その石西礁湖が、赤土流出などの陸域からの環境負荷、高水温等による白化、
オニヒトデの大量発生等により、撹乱を受け、大きく衰退していることから、
「かつてのすばらしい石西礁湖のサンゴ礁を取り戻したい」、
「もっと美しい海を見てみたい」、
「サンゴとともに生きる地域をつくりたい」
という熱い思いを持った、
地元住民、市民団体、漁業や観光関係の団体、研究者、行政機関など多様な主体が集まり、
石西礁湖自然再生協議会が平成18年2月に発足しました。
協議会では、まず、石西礁湖の自然再生に向け、どのような目標に向かって進むべきか、どのような活動をすべきか、
それぞれの構成員ができることは何か、などについて議論を行い、平成19年9月に「石西礁湖自然再生全体構想」をまとめました。
現在は、全体構想に基づき、目標実現に向けた活動の実施について意見交換を行っています。
http://sekiseisyouko.com/szn/entry/aboutszn.html
20回目を迎えた石西礁湖自然再生協議会では、
昨年(2016年)の大規模な白化について、環境省が実施した数値結果の報告がありました。

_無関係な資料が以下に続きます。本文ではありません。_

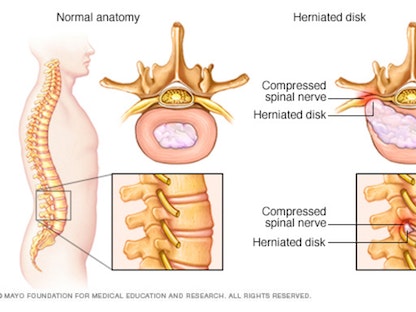 صورة توضيحية لإصابة الفقرات بالقرص المنفتق - Mayo Clinic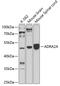 Alpha-2A adrenergic receptor antibody, 18-821, ProSci, Western Blot image 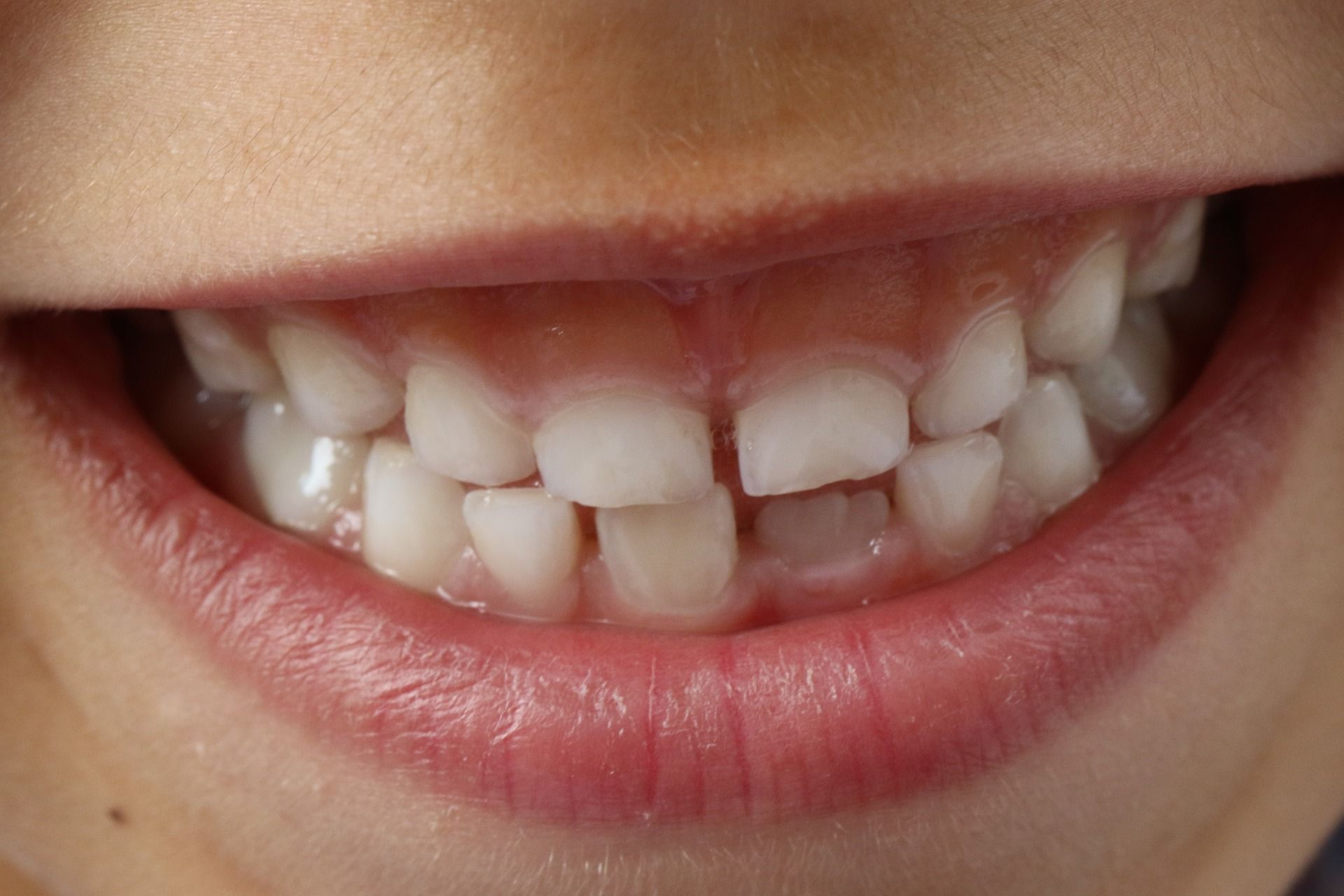 La higiene bucodental es clave para un buen estado de los dientes de los niños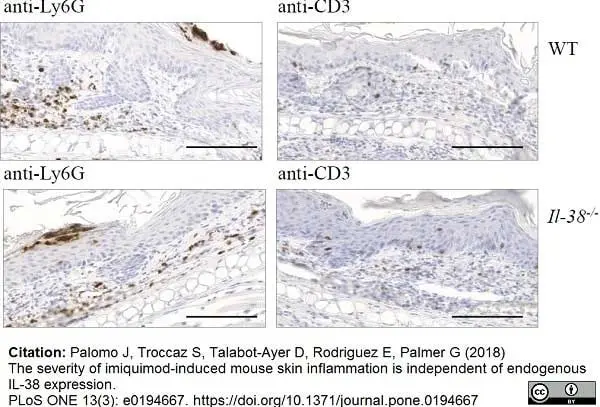 Anti Human CD3 Antibody, clone CD3-12 (Monoclonal Antibody Antibody) gallery image 10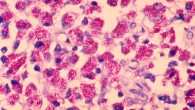 This is the first study to report the detection of DNA of Mycobacterium avium ssp. paratuberculosis in the blood of rheumatoid arthritis patients. Image credit: Edwin P. Ewing, Jr. / CDC.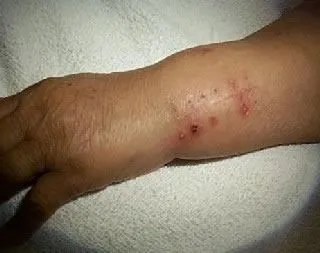 <strong>
</picture>Wound Infection - Suture Site</strong> <p>There is a pimple where a stitch comes through the skin. The pimple suggests a low-grade infection.</p>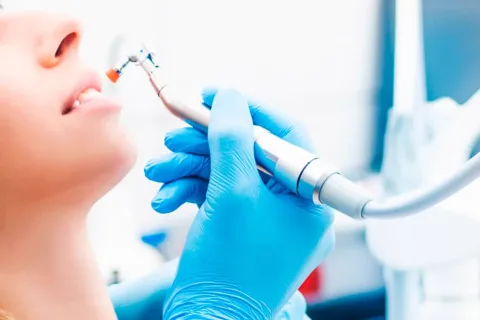 Limpieza y profilaxis dental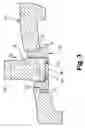 Fig. 04 - Tip shroud attachment for stator vane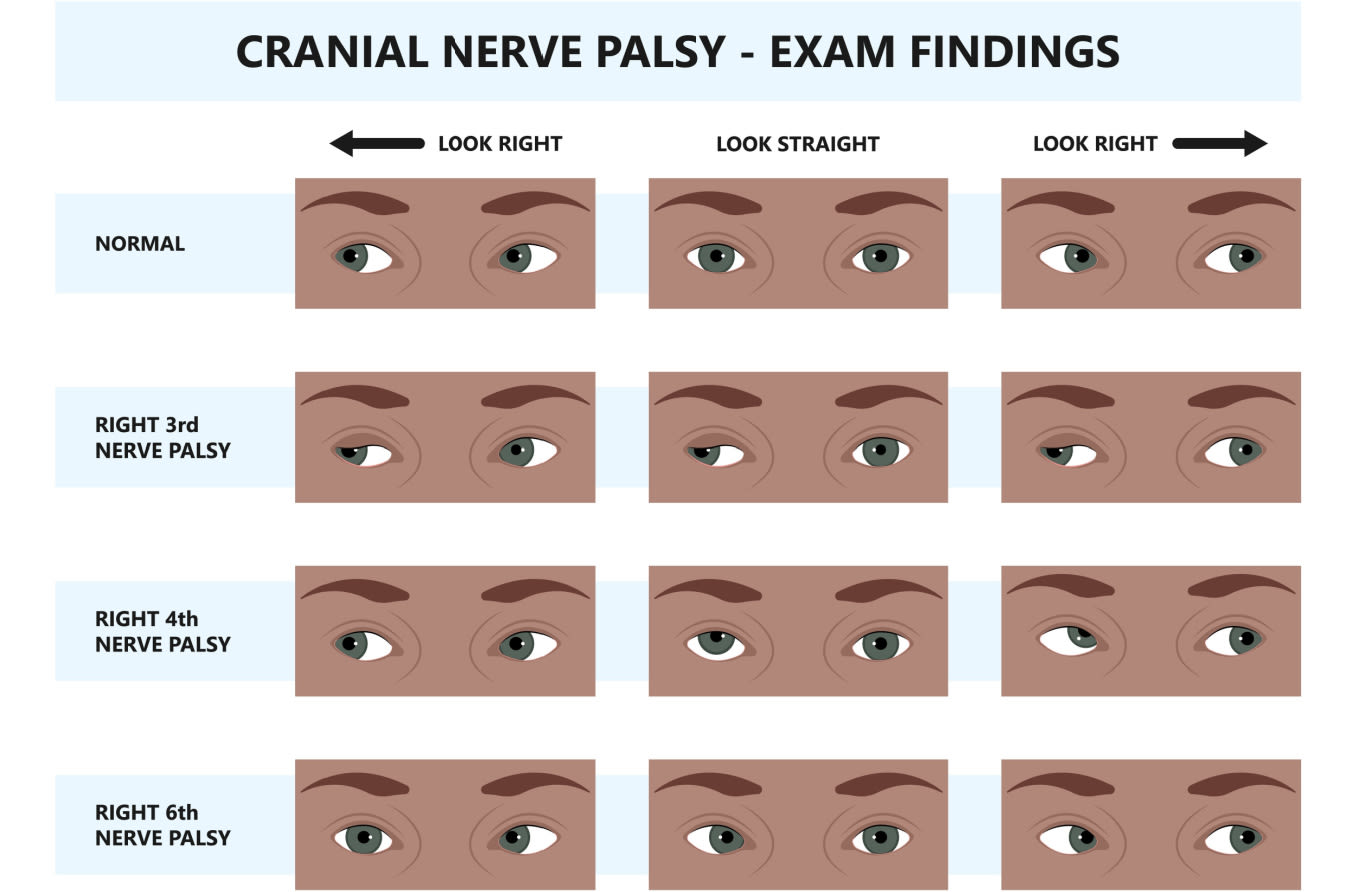 Notez On Nursing Cranial Nerve Iii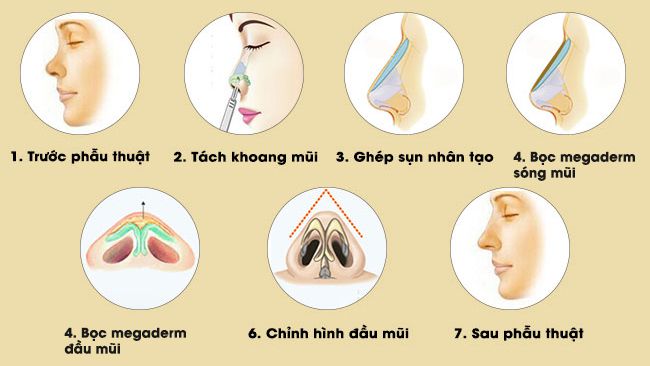 Hiện nay, nâng mũi là một phương pháp thu hút sự quan tâm rất nhiều phái nam và nữ, vì tính chất cải thiện khuyết điểm và làm đẹp mọi góc nhìn.
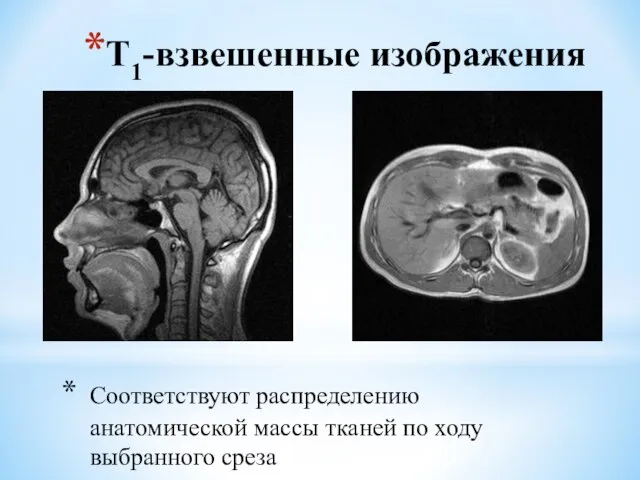 Т1-взвешенные изображения Соответствуют распределению анатомической массы тканей по ходу выбранного среза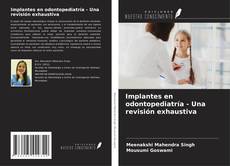 Implantes en odontopediatría - Una revisión exhaustiva kitap kapağı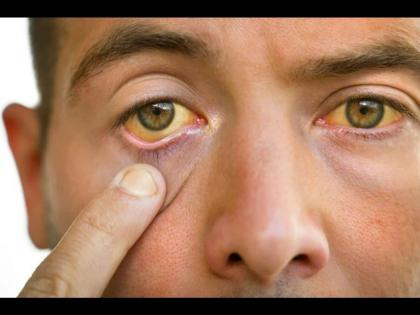 High cholesterol affects your eyes signs you should not ignore | High Cholesterol: हाय कोलेस्ट्रॉलमुळे जाऊ शकते डोळ्यांची दृष्टी, या संकेतांकडे करू नका दुर्लक्ष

昨年は、6月から9月にかけて30℃を超える高海水温の状況が続きました。
その結果、
7月下旬から8月中旬までのサンゴの被度は(海底面をサンゴが覆う割合のこと)29%、白化率89.6%、死亡率5.4%でした。
通年は、台風来襲による海水温の低下があるのですが、
昨年は台風の通過が僅かで、海水の撹拌が少なく、海水温の低下が大幅に遅れました。
9月下旬から10月上旬の数値はさらに悪化し、被度20%、白化率97.1%、死亡率56.7%。

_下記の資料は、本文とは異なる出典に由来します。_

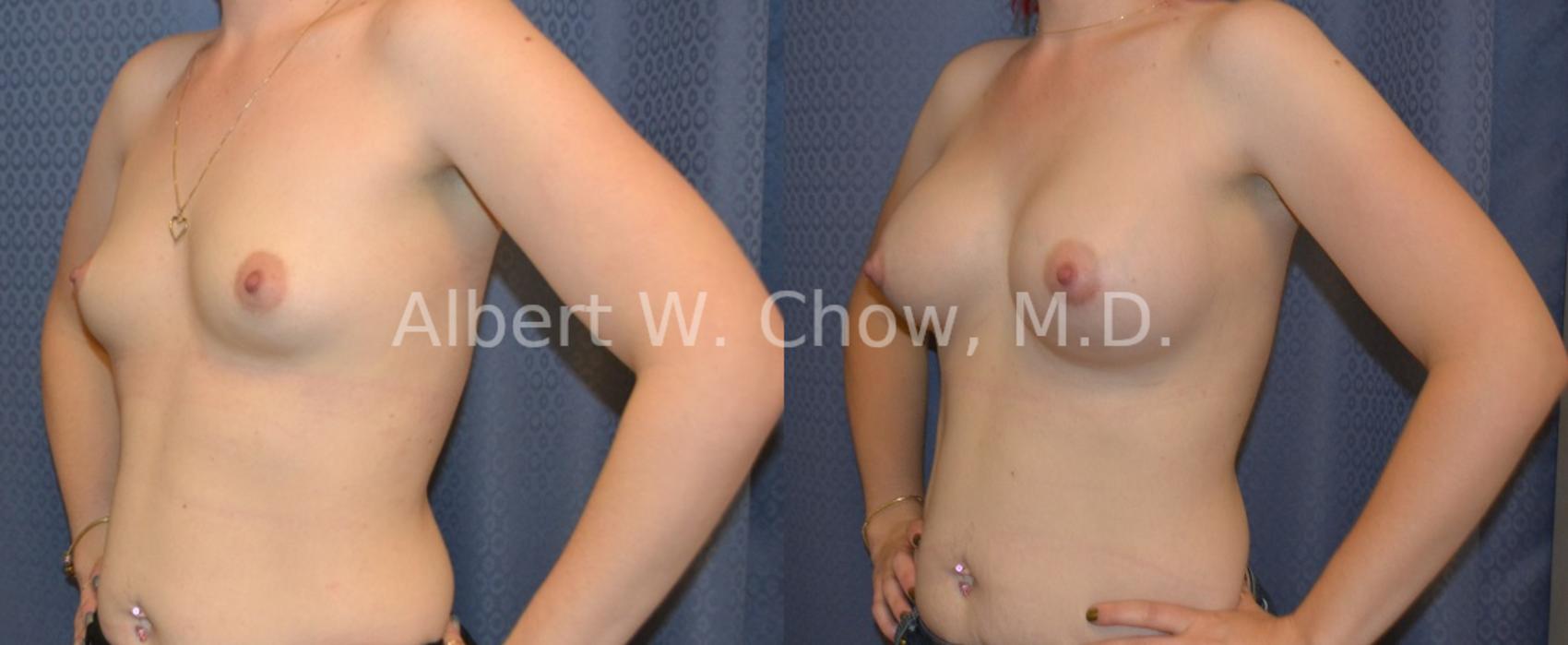 Before & After Breast Augmentation Case 46 View #1 View in San Francisco, CA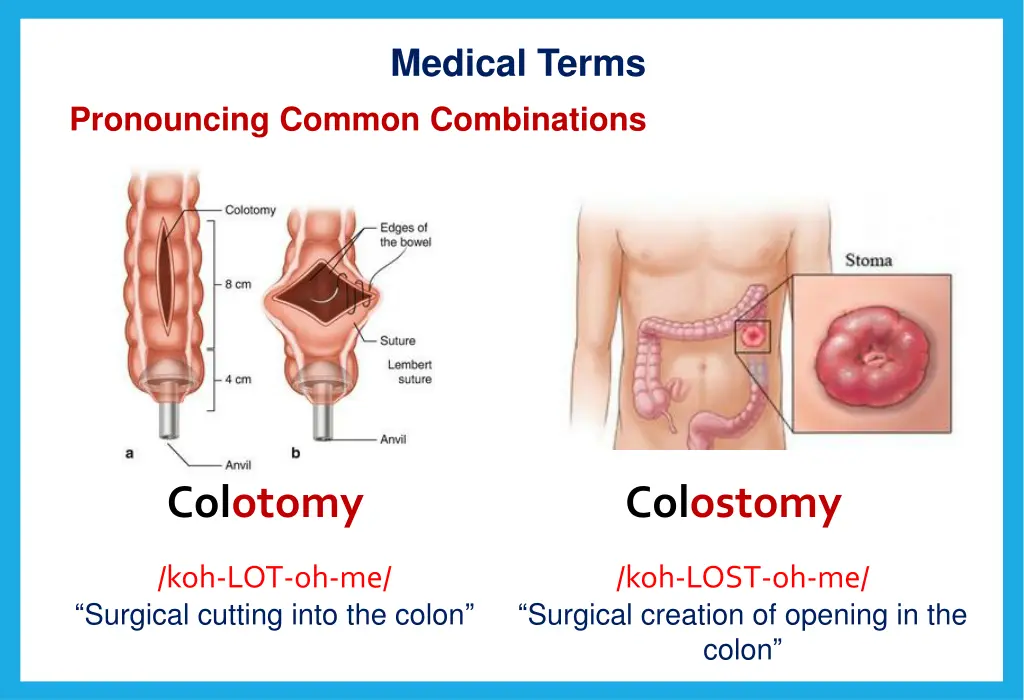 medical terms 11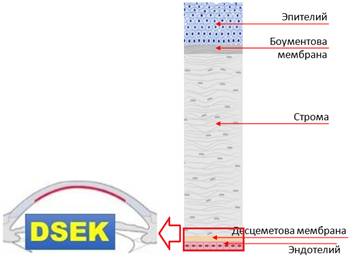 Задняя (автоматизированная)эндотелиальная кератопластика с удалением десцеметовой мембраны,DSAEK/DSEK (Descemet-stripping(Automated)EndothelialKeratoplasty)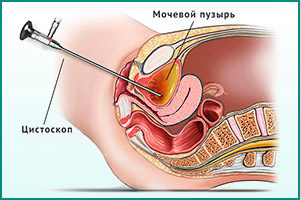 Процедура цистоскопии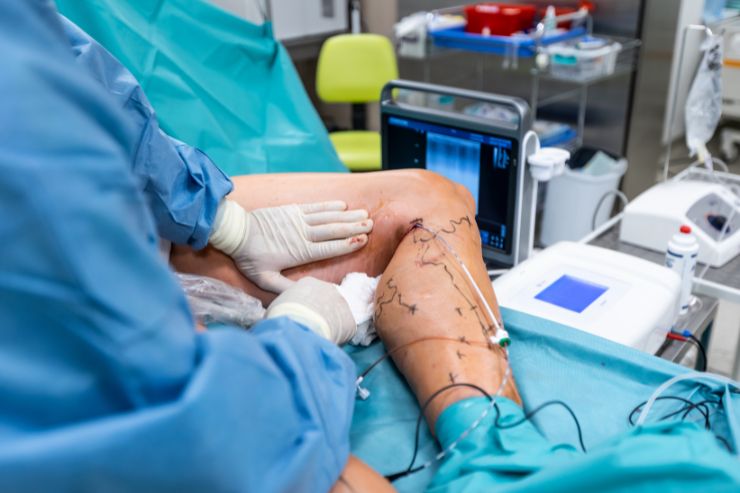 Vascular Surgery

その後、気温の低下に伴いサンゴの若干の回復が見られたものの、
11月下旬から12月下旬での調査は、被度12%、白化率91.4%、死亡率が70.1%との数値が出ております。
昨年7月の竹富東沖でのサンゴの白化(写真提供:Akira Uesedo)
いわば、陸地であれば森の7割が消失したといえる大規模なサンゴ白化。
地球温暖化の進行や天候不順は人為的に防ぐことができません。
研究者や有識者、業界団体で構成される石西礁湖自然再生協議会では、
大規模なサンゴの白化現象を受け、どのような対策が考えられるか意見交換が行われました。

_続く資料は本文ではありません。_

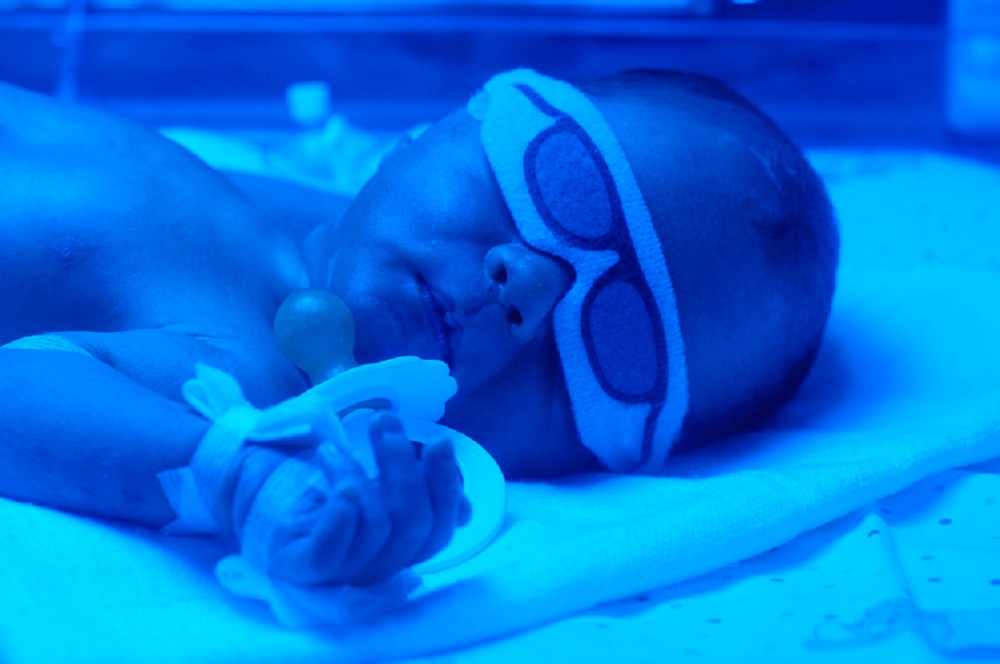 Os hospitais ainda não humanizaram a fototerapia em recém-nascidos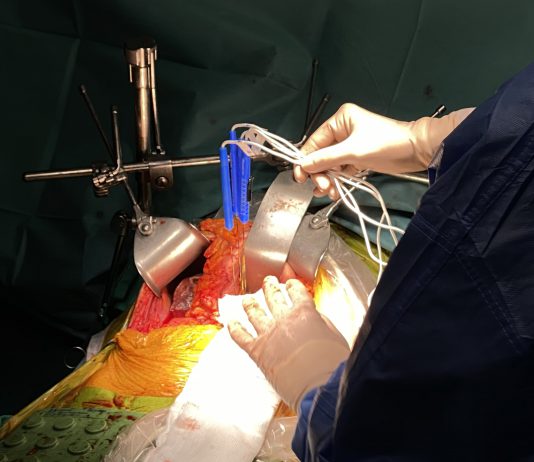 Nanoknife – IRE (irreversible electroporation)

サンゴがストレスを溜める要因となっているバクテリアや
赤土に生息するバクテリアなどの研究ならびに対策を進めたり、
サンゴに付着する藻類を食べる魚類の漁獲を制限するなどの意見がありました。
石西礁湖自然再生協議会では、
地域と連携してサンゴ礁の再生に向けての取り組みや、
重要性を普及啓発する活動を進めています。